Richard Abadie, PwC Global Head of Infrastructure, commenting on the Budget said: “Every additional pound of investment in infrastructure is to be welcomed in a difficult market where the construction industry is struggling from reduced activity. Infrastructure projects are long term and investments made into them also need to be long term and ongoing.
“Regrettably the announced sum is insignificant relative to the infrastructure backlog and whilst we welcome the announced £3 billion of cost-savings from various Government departments, the reality is it won’t make a significant impact on economic growth as it comprises less than 0.2% of GDP.”
Jonathan Hook, PwC’s Engineering & Construction leader, added: “For construction, the big news for the sector is the Chancellor’s bet on the housing market with the Help to Buy scheme. The commitment of £3.5billion to shared equity loans up to 20% coupled with £130 billion of mortgage guarantees is a big boost to the residential market. The chancellor obviously believes this a quicker and cheaper way to get an economic boost than other areas of capital spend.”

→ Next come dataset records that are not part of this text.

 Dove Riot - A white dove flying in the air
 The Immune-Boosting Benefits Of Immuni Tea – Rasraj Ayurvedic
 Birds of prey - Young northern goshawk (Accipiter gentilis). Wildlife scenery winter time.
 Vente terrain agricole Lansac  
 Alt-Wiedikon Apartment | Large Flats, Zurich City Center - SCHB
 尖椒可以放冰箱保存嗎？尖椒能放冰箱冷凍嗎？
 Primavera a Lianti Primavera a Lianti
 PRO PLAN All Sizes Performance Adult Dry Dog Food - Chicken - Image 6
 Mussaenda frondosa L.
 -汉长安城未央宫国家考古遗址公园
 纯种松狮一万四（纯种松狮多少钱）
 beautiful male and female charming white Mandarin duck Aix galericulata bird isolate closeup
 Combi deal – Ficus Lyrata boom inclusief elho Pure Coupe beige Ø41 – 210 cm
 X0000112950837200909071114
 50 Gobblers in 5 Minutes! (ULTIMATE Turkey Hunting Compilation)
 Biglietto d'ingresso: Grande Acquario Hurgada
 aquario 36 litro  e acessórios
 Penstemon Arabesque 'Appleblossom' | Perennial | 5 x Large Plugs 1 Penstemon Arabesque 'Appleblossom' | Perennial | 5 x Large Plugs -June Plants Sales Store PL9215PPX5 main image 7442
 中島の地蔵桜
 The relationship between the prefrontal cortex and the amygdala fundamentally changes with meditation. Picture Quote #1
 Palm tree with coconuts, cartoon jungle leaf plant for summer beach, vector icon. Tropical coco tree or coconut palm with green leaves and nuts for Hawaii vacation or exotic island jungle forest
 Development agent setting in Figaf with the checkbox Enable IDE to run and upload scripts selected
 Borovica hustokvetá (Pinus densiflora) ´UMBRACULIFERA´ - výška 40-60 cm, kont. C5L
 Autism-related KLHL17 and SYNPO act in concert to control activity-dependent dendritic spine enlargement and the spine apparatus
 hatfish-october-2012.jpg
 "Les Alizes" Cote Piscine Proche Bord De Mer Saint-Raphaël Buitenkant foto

The British Property Federation welcomed the government funding increase to kick start build-to-rent schemes. The £200m made available in December’s Autumn Statement will be expanded to £1bn, and will provide equity or loan finance to support development stage finance.
Ian Fletcher, director of policy at the British Property Federation, said: “It’s encouraging the Government’s confidence in build to rent has been reciprocated and we are delighted to see that the equity funding was heavily oversubscribed. Working in partnership with Government the sector should deliver an exciting and quality array of homes for renters.”